4.5 Law as a Universal Experience
In adopting the Plan as a study material, the World Law Fund defined its first basic assumption: “… in all modem states legal institutions are used to control and regulate violence… law is almost a universal experience and can be appealed to as a rational method, for achieving order and even justice.”6
The use of the Mendlovitz materials in several disciplines and the variety of problem foci selected by the instructors led to the conclusion that the subject of world order, while maintaining its basic adherence to law as a source of control and justice, must give careful attention to the analysis of many interrelated problems and must extend itself far beyond the substance of disarmament and conflict resolution.
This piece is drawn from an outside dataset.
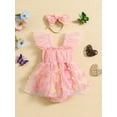 thumbnail image 4 of Musuos Baby Girl Summer 2Pcs Romper Outfit 3 6 12 18 24Months Fly Sleeve Tulle Butterfly Cute Romper Dress with Bow Headband, 4 of 10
These circumstances reinforced the conclusions derived from contacts with scholars and teachers in other countries.
Not unmindful of the complexities and conflicts inherent in the first basic assumption, Harry B. Hollins, Managing Director of the World Law Fund, began his task of launching a world-wide educational effort by testing its validity. During a trip to present translations of World Peace Through World Law to leaders and scholars of many countries and to elicit their reactions to it, he learned two significant lessons which profoundly influenced the guidelines for the operation of the Fund: first, that law as a conceptual basis for order does have some degree of universal meaning; and second, that no one plan and no single perspective on the problem of war will produce a workable solution for a complex, multi-cultural world in which the hierarchy of critical problems varies from nation to nation.
The recognition of these conditions led to the internationalization of the operation from the earliest stages. Scholars and educators from all areas of the world were enlisted to assist in the formulation and evaluation of programs and encouraged and assisted with the initiation of similar operations in their own countries. The exchange of course outlines and course syllabi among educators of several nations has enriched the resources for world order education while moving it further toward its goal.
4.6 The “Models Project”
The Fund has recently launched a project which has tremendous potential as the basis and vehicle for world-wide public discussion and offers the opportunity for academic examination of world order issues. The “Models Project,” which began as an attempt to overcome the limitations imposed by the existence of a single war prevention plan, may prove to be the single most important development since the publication of World Peace Through World Law.